* [What you are asked to do] Nothing but a verbatim copy of the data, minus the images, should be returned.

(The data begins)

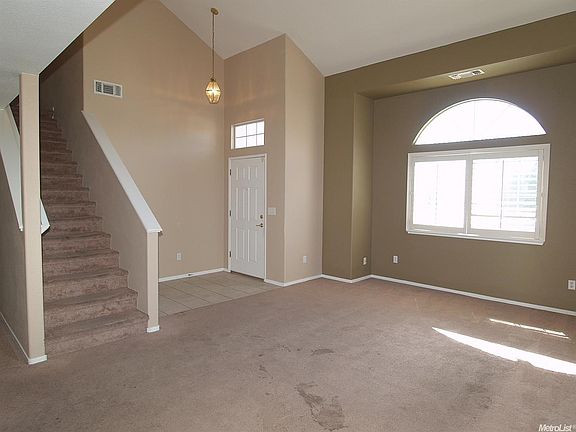 4th image of 2443 Novi Dr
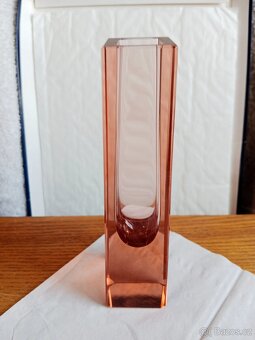 Krásná broušená růžovo-oranžová vázička - 8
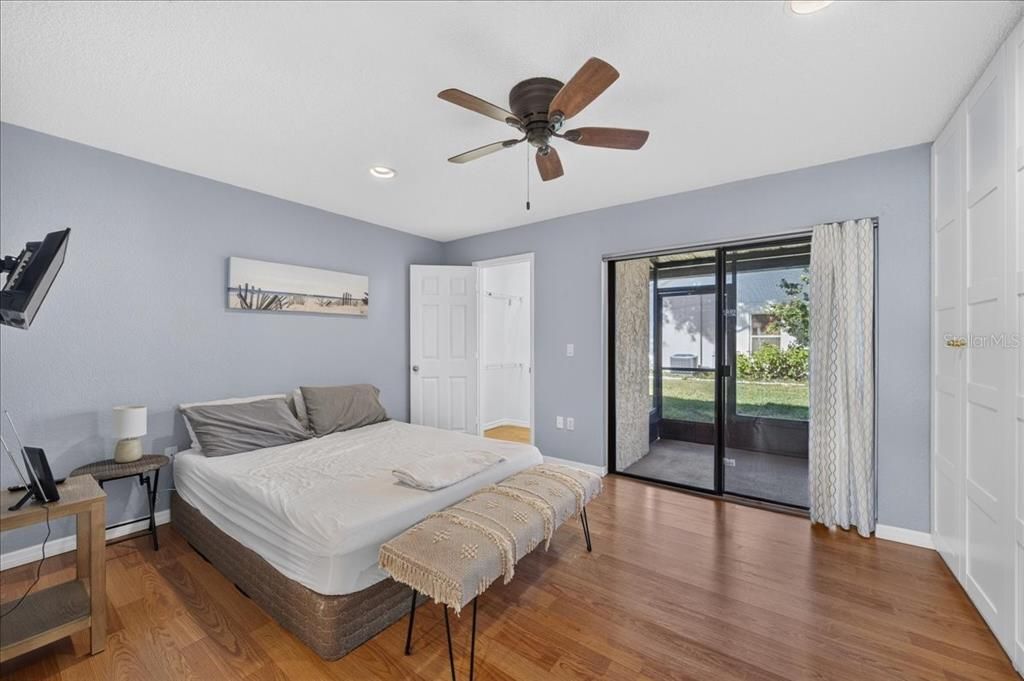 For Sale: $149,900 (1 beds, 1 baths, 707 Square Feet)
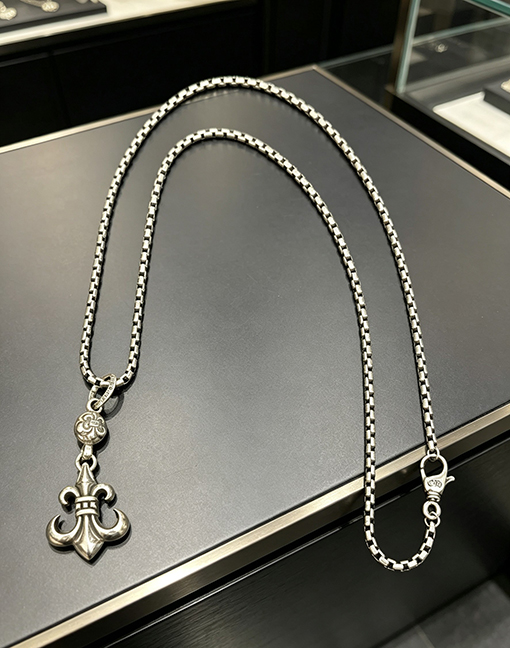 クロムハーツ クラシックアイリスペンダントネックレス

(The data ends)

* [Finished task]
 4th image of 2443 Novi Dr
 Krásná broušená růžovo-oranžová vázička - 8
 For Sale: $149,900 (1 beds, 1 baths, 707 Square Feet)
 クロムハーツ クラシックアイリスペンダントネックレス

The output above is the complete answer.